Начнем с того, что Иванов не стал бы откровенничать с Ванечкой – и молодым, и старым Сниткин чурался политики, социальные вопросы ничуть его не занимали. Далее. Если Сниткин что‑ то и слыхал о столкновениях Иванова с Нечаевым, то это уж по пословице: слышал звон, да не знает, где он. Наконец, об изменении взглядов Иванова (да еще коренным образом) нечаевцы возвестили бы городу и миру. Однако нет. Ни тогда, ни позже, нигде и никогда.

Капитальное не в самом по себе конфликте между Нечаевым и Ивановым, а в способе разрешения конфликта.

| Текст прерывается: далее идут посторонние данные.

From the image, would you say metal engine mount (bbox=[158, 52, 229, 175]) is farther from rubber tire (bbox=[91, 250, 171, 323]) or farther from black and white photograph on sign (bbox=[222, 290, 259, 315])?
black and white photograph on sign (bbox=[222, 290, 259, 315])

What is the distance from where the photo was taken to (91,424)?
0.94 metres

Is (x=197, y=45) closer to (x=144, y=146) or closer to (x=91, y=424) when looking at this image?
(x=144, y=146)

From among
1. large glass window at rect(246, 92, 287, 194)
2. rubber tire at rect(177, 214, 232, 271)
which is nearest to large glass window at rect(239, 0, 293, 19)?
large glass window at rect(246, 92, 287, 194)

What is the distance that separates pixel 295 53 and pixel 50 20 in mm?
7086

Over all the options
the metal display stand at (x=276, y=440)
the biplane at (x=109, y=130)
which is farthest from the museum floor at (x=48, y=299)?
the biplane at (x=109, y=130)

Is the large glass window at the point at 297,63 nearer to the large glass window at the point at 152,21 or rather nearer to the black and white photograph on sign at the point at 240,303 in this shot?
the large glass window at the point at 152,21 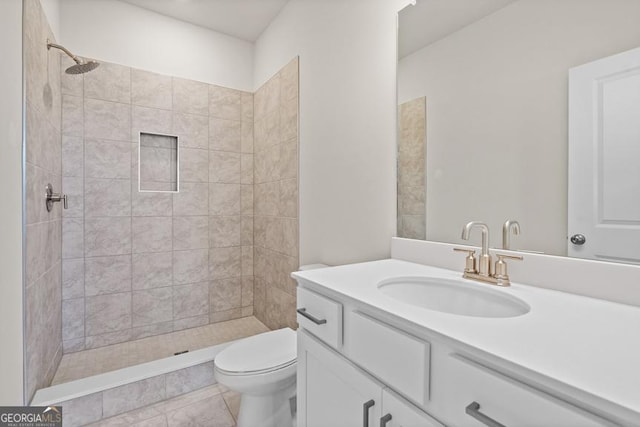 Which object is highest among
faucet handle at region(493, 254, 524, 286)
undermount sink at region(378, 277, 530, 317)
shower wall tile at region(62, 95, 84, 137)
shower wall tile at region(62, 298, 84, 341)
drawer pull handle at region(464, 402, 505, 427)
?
shower wall tile at region(62, 95, 84, 137)

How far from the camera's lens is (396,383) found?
2.36 ft

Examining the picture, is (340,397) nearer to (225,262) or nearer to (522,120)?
(522,120)

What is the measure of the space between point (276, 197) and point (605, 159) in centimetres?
195

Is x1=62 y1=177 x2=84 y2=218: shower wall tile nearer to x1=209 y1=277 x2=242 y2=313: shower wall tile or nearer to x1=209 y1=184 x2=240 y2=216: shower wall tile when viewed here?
x1=209 y1=184 x2=240 y2=216: shower wall tile

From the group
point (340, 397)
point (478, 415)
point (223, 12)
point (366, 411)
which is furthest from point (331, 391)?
point (223, 12)

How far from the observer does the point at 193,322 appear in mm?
2602

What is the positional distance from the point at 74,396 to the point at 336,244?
62.0 inches

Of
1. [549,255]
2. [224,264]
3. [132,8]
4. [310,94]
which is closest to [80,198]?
[224,264]

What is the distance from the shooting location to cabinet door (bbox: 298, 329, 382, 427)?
79 centimetres

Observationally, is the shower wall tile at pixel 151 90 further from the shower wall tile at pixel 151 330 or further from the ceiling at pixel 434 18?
the ceiling at pixel 434 18

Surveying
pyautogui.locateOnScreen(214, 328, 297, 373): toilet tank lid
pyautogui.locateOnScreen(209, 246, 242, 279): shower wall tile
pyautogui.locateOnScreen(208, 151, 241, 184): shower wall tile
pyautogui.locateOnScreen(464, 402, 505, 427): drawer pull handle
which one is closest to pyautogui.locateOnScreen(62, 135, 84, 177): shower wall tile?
pyautogui.locateOnScreen(208, 151, 241, 184): shower wall tile

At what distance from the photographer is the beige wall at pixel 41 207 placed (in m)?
1.43

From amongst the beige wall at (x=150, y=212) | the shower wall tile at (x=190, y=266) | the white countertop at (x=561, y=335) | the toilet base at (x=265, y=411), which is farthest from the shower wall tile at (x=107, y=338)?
the white countertop at (x=561, y=335)

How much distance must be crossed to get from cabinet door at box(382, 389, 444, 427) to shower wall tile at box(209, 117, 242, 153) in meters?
2.44
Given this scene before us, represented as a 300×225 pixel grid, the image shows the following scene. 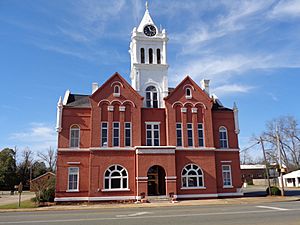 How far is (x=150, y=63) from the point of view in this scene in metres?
35.9

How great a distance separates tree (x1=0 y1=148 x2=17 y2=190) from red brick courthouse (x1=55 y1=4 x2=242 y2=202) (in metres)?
45.2

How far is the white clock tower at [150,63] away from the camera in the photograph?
3475 cm

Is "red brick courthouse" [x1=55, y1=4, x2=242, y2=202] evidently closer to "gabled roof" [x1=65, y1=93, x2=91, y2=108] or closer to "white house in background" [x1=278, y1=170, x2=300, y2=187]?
"gabled roof" [x1=65, y1=93, x2=91, y2=108]

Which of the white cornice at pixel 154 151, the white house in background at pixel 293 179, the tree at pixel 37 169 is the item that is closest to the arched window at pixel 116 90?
the white cornice at pixel 154 151

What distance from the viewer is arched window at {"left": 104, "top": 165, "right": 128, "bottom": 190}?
3019 cm

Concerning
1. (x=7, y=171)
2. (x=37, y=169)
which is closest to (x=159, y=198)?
(x=7, y=171)

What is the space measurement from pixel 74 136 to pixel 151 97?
9519mm

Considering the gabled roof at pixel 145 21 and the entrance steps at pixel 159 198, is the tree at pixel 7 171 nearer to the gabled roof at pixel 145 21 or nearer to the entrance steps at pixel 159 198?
the gabled roof at pixel 145 21

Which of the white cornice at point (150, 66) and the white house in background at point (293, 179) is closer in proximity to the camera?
the white cornice at point (150, 66)

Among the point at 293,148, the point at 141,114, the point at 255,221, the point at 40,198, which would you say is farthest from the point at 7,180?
the point at 255,221

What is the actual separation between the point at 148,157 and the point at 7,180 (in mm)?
53985

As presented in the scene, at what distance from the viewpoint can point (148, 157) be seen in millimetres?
30297

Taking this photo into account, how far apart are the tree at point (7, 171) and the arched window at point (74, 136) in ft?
155

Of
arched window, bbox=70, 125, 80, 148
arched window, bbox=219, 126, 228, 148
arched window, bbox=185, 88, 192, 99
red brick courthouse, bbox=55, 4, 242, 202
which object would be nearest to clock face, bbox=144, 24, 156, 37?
red brick courthouse, bbox=55, 4, 242, 202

Нечаев – именем Комитета! – объявил Иванова предателем, шпионом. Нечаев – именем Комитета! – потребовал убрать Иванова.

Крови потребовал, смерти.

В Монографии В. Базанова читаем: «На участников „Народной расправы“ легла густая тень Нечаева, и она заслонила личности, индивидуальности, в ряде случаев очень яркие»[67]. Примером взяты Петр Успенский и Иван Прыжов: первый – незаурядный поэт, неопубликованные стихи которого должны быть изучены; второй – талантливый этнограф, самобытный литератор.

Прибавим третьего, тоже не нуль: Алексей Кузнецов, натуралист. Впоследствии его встретил в Сибири известный революционер Феликс Кон, отозвался восторженно: «Высокообразованный, благородный, полный самопожертвования, торопящийся на помощь всякому, кто только в ней нуждался, Кузнецов вскоре после прибытия в Нерчинск завоевал всеобщее уважение».

Четвертый – совсем зеленый Николай Николаев – не в счет: он весь так и светился обожанием своего кумира.

Исключая Николаева, к нечаевцам можно отнести те строки из частного письма автора «Бесов», где он отнюдь не всех и каждого из них причислял к «идиотическим фанатикам».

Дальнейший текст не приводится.